Kaufman Hall’s National Hospital Flash Report released March 27 found that February numbers reflected a strong start to 2024, but Erik Swanson, senior vice president of data and analytics, said in the report “challenges are on the horizon.”

“The aftermath of the Change Healthcare cyberattack and continued competition from industry disrupters may test financial performance in coming months, as disrupters capture more profitable, lower acuity, and lower-capital-intense services from hospitals,” Swanson said.

The cyberattack on Change Healthcare, the largest billing and payment system in the U.S., had a broad impact across all healthcare sectors, according to the U.S. Department of Health and Human Services, interrupting payments to hospitals, physicians, pharmacists, and other providers across the country.

It caused financial harm to thousands of doctors’ practices, with 80% reporting “lost revenue from unpaid claims,” according to a survey conducted by the American Medical Association.

“The disruption caused by this cyberattack is causing tremendous financial strain,” said AMA President Jesse M. Ehrenfeld in a statement. “The one-two punch of compounding Medicare cuts and inability to process claims as a result of this attack is devastating to physician practices that are already struggling to keep their doors open.”

Other challenges facing hospitals, according to analysts, were increased demand from aging Baby Boomers, bringing more claims from Medicare, which reimburses at a lower rate, and increased labor costs as hospitals raised wages to retain or attract employees amid a labor shortage.
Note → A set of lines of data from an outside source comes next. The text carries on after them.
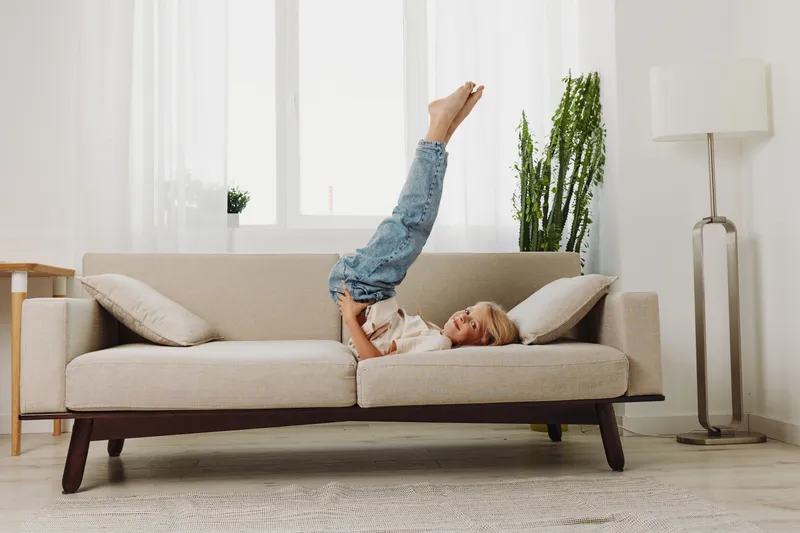 Happy child in casual clothes plays upside down on beige sofa in bright living room with plants and floor lamp. Concept of childhood joy, home comfort, and playful moments.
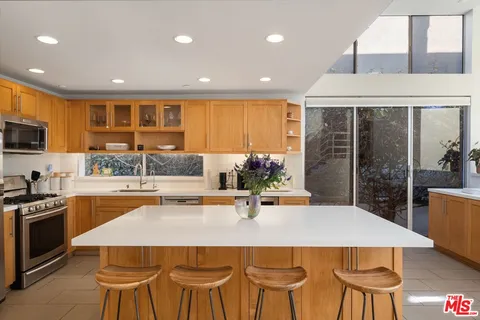 a kitchen with kitchen island a stove a sink a dining table and chairs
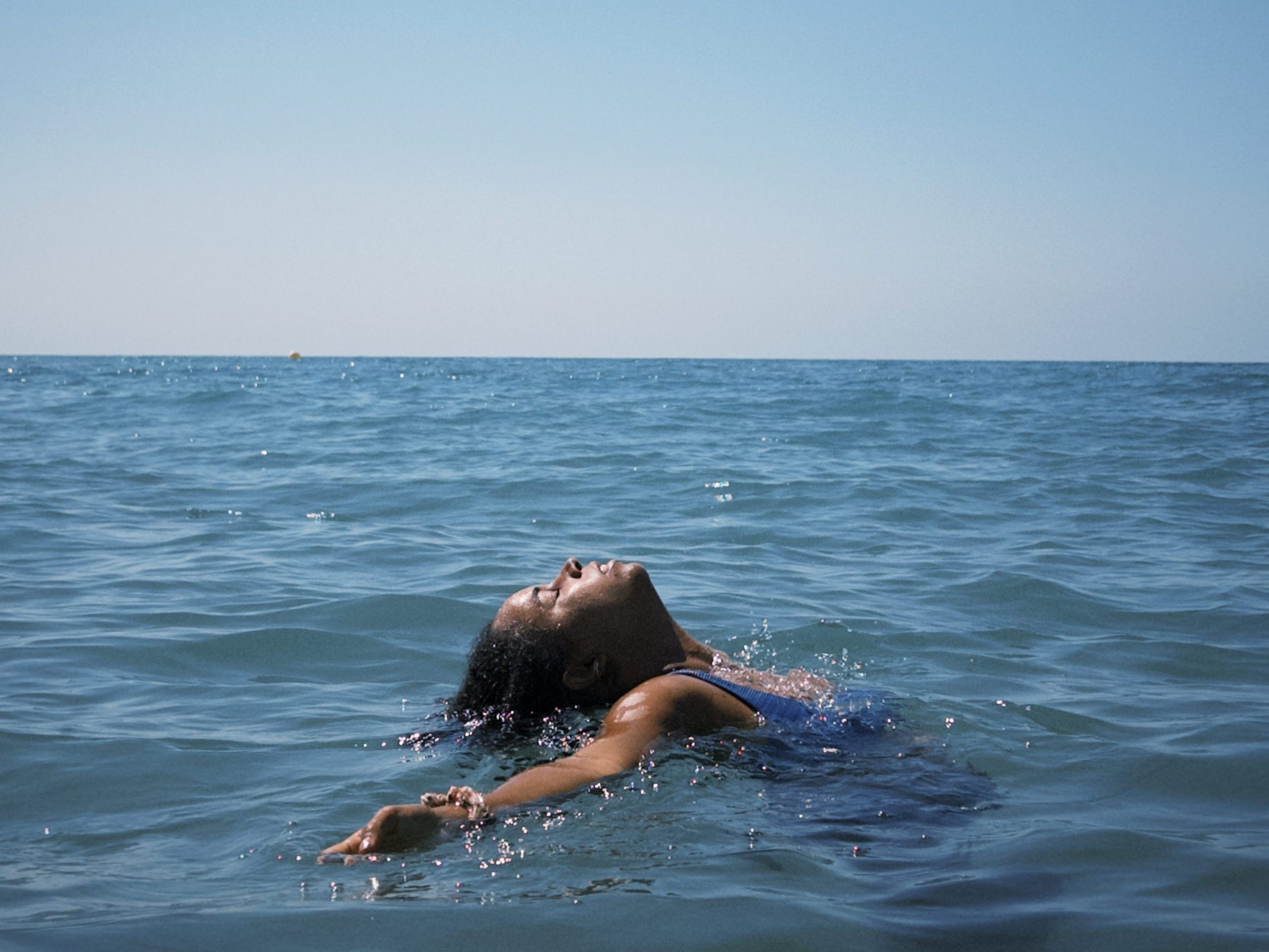 chica en la playa dentro del agua relajada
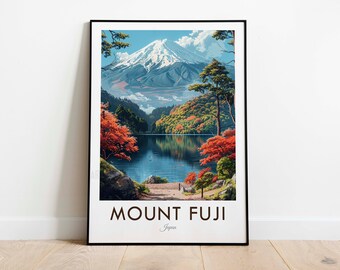 May include: A vintage travel poster featuring a scenic view of Mount Fuji in Japan. The mountain is snow-capped and surrounded by lush green trees and a calm lake reflecting the mountain. The poster has a black frame and the text "MOUNT FUJI Japan" at the bottom.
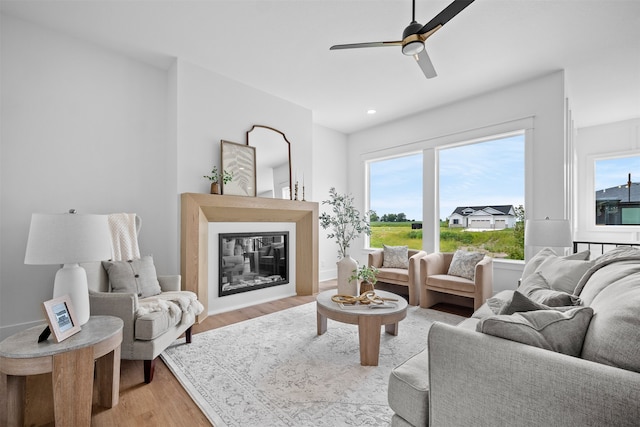 living room with ceiling fan, light hardwood / wood-style flooring, and plenty of natural light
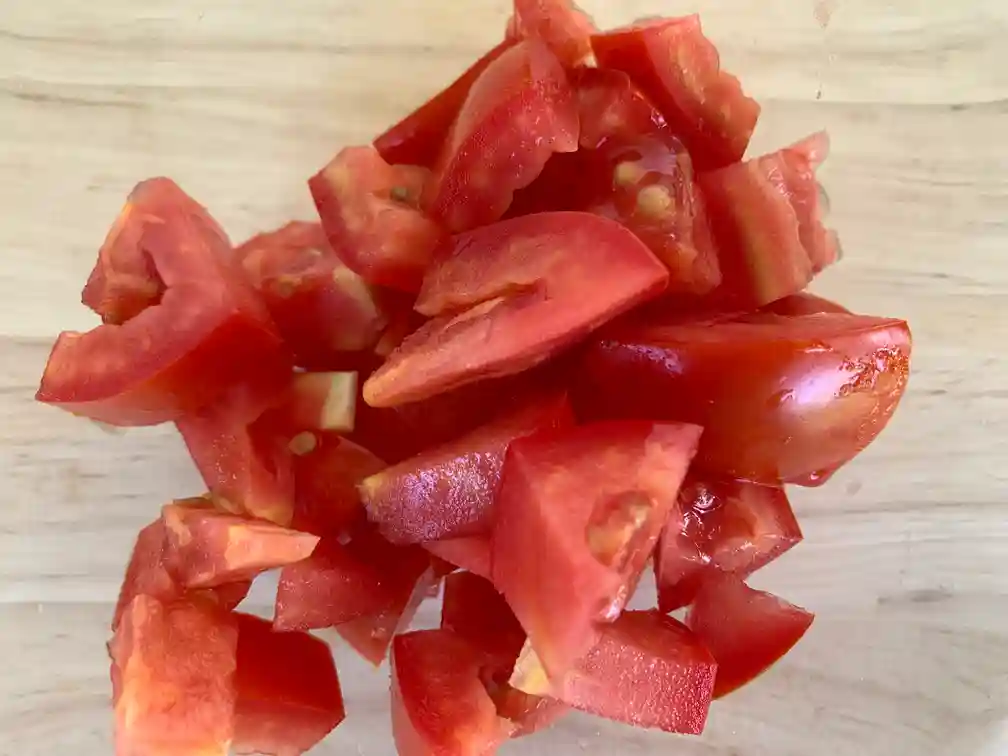 Sliced tomatoes on a cutting board.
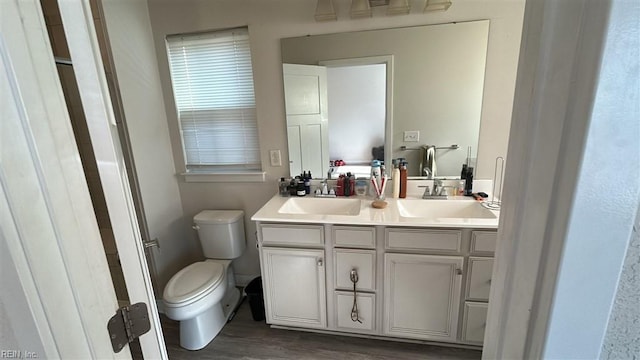 bathroom with vanity, hardwood / wood-style flooring, and toilet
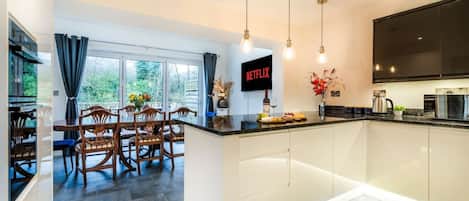 A modern kitchen with a dining area, a large TV screen, and a view of the outdoors.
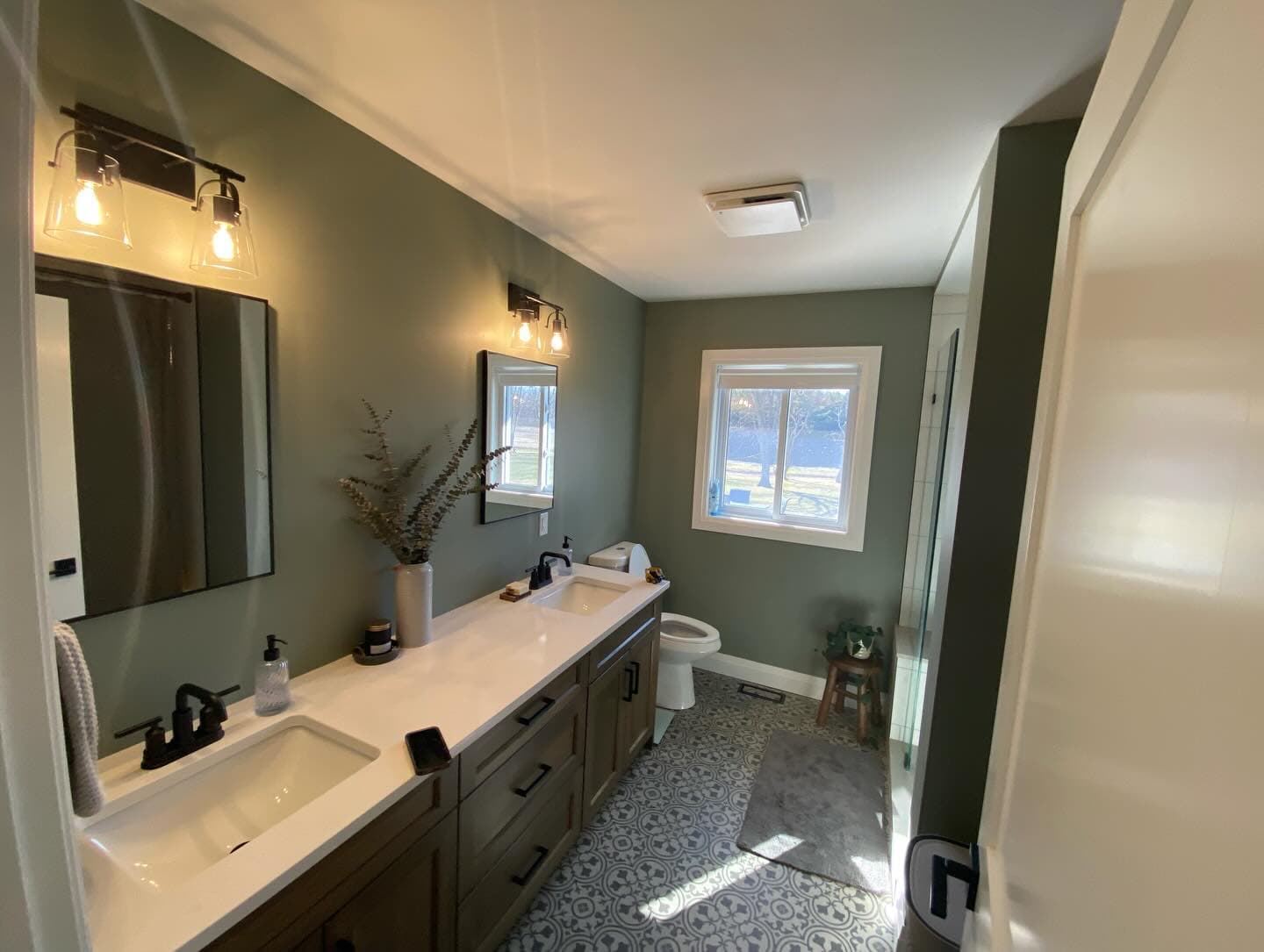 Bathroom painting - sage green walls with modern fixtures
The not-for-profit healthcare sector, which was the only one among S&P Global Ratings’ public finance credits to have more downgrades than upgrades in 2023, still has a long way to go toward full recovery, S&P analysts said.

Rating outlook revisions have tended to be revisions from negative to stable, not to positive, said Blake Fundingsland, an S&P associate director.

“The sector seems to be settling into a new normal,” he said.

“There are pockets of improvement,” Desai said. The sector “is just not back to where it was prior to the pandemic. When you look at the ratings, they are just not where you want the margins to land for the long haul.”

Desai placed the hospitals in three buckets: Those that were doing well when other credits were faring well and are still in good shape; the credits that had large losses, but now have fewer losses, but have not recovered back to where they were before the pandemic; and others that are still struggling with higher losses.

“I think the middle bucket is not generating the cash flow they used to, so, as the expense sheet grows, they can’t put as much back on the balance sheet,” Desai said.

It’s unusual for MMA to have this many hospitals in its default and impairment database for any reason, Washburn said. The numbers have also ticked up for retirement centers, charter schools and the housing sector, but those credits tend to be more transactional, and they are less likely to have the financial and oversight teams on staff that hospital systems do, she said.

“With hospitals, in terms of the muni market, particularly the large systems, they have some of the most sophisticated financial management teams out there,” Washburn said. “So there, potentially, would be more opportunities or solutions if it’s truly a technical issue, like they have financial pressures while they implement a turnaround plan.”

Like S&P, Fitch has a negative outlook on the non-profit healthcare sector.

Moody’s revised its sector outlook to stable from negative in November.

“Moody’s returned the ratings to stable, but they still listed a litany of challenges,” Washburn said. “S&P and Fitch Ratings outlooks are not stable. Hospitals are stabilizing, but calling them stable right now seems a bit premature.”

“On balance, the situation still tips more toward addressing challenges, than being completely neutral,” she said.